5 апреля 1966 года. Пасхальное Воскресенье — и еще одна телеграмма. Альберт снова выиграл — первый приз в Ротенбурге. Надысев сказал со смехом:

— Скоро к вашему сыну придется применять антимонопольное законодательство.

5 апреля 1966 года. После обеда некоторые охранники вручили нам скромные пасхальные подарки. Гесс, однако, отказался их принять. Позже он объяснил:

— В последнее время я иногда жду этих небольших дружеских жестов. Но я не хочу становиться зависимым от своих слабостей. Поэтому я решил есть только то, что получаю от тюрьмы. Раз, два, три!

24 апреля 1966 года. Телевидение хочет пригласить меня на интервью вместе с Эссером. Ужасная идея; я всегда сторонился этих баварских выскочек из гитлеровского окружения, его первых соратников по партии. И они, эти старые-старые вояки начала двадцатых годов с их невероятной заносчивостью, так же относились ко мне. Пусть Ширах встречается с Эссером!

28 апреля 1966 года. Все чаще замечаю, что думаю о Шпандау в прошедшем времени. Сегодня это произошло даже в письме домой. Как будто все уже кончилось.

29 апреля 1966 года. Думал об этих двадцати годах: смог бы я выжить, если бы мне не разрешали писать ни строчки?

30 апреля 1966 года. Я наконец оставил все мысли о возвращении к архитектуре. Неужели это в самом деле окончательное решение?

Во всяком случае, я написал в «Пропилеи», что не возражаю против заключения издательского договора. Сказал, что свяжусь с ними после выхода на свободу.

10 мая 1966 года. Сегодня Гесс весь день не выходил из камеры; еду возвращал нетронутой. Я несколько раз подходил к его двери, но он прямой, как палка, сидел за столом и, казалось, смотрел на стену. Я спросил у Пиза, не болен ли Гесс, но он отверг такую возможность.

— Опять его капризы.

Ширах оскорбился, что Гесс снова привлекает к себе внимание. Я слышал, как Ширах приговаривает в своей камере:

— Это все обман, обман! Скоро он и желудочные колики изобразит. Повар — отравитель, ха-ха!

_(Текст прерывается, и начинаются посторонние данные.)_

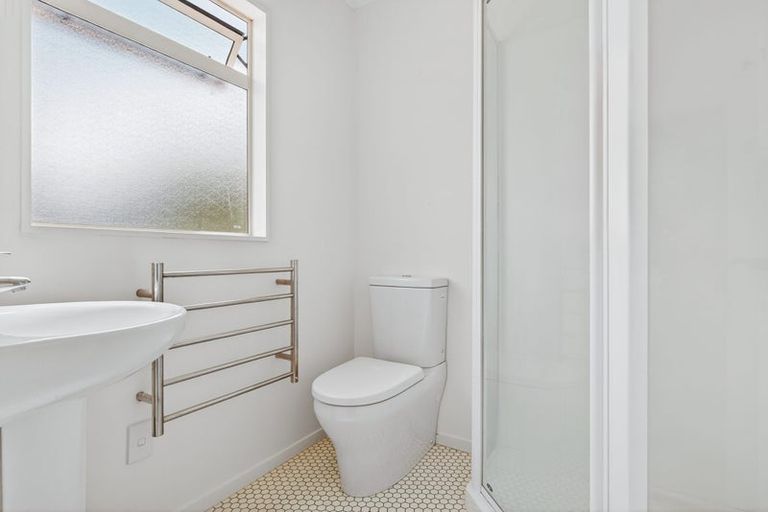 Photo of property in 30 Ramsay Drive, Acacia Bay, Taupo, 3385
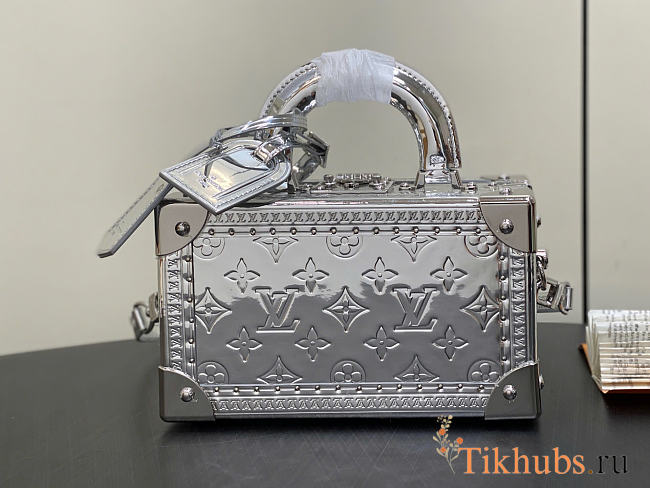 Louis Vuitton LV Valisette Trésor Silver 24x15x12cm - 1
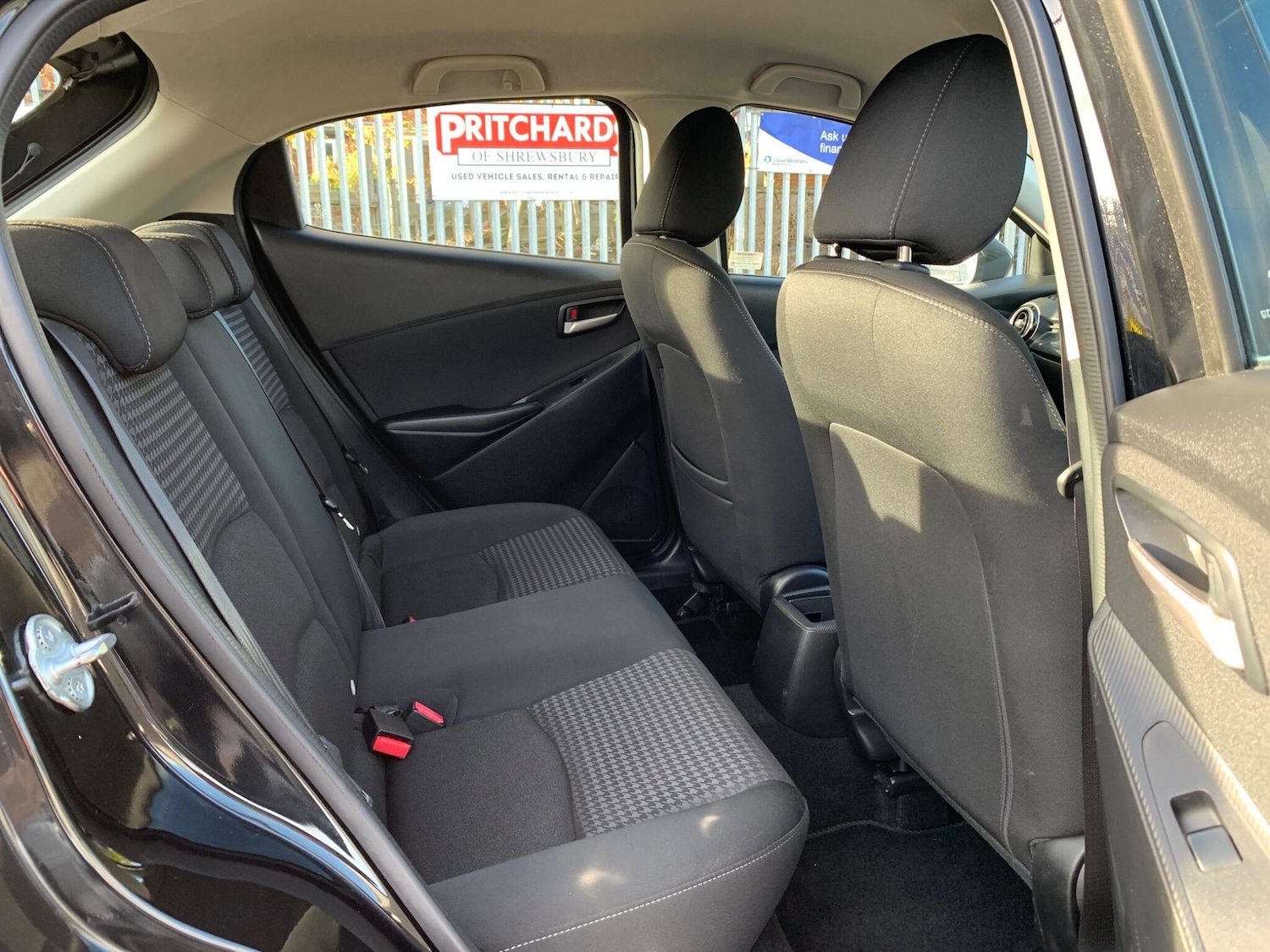 Used Mazda Mazda2 2018 for sale - 76592006: Photo 32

10 мая 1966 года. Ночью, когда все успокоились, я вспомнил, что вчера исполнилось ровно двадцать пять лет с тех пор, как Гесс улетел в Англию. Теперь за его плечами четверть века за решеткой. А сколько еще впереди?

14 мая 1966 года. Сегодня ввели четырехдневный запрет на чтение, потому что я второй раз за короткие промежутки времени нагрубил одному из британских охранников. Я пожаловался на однообразную пищу. Я объяснил Проктеру свое поведение нервозностью последних месяцев.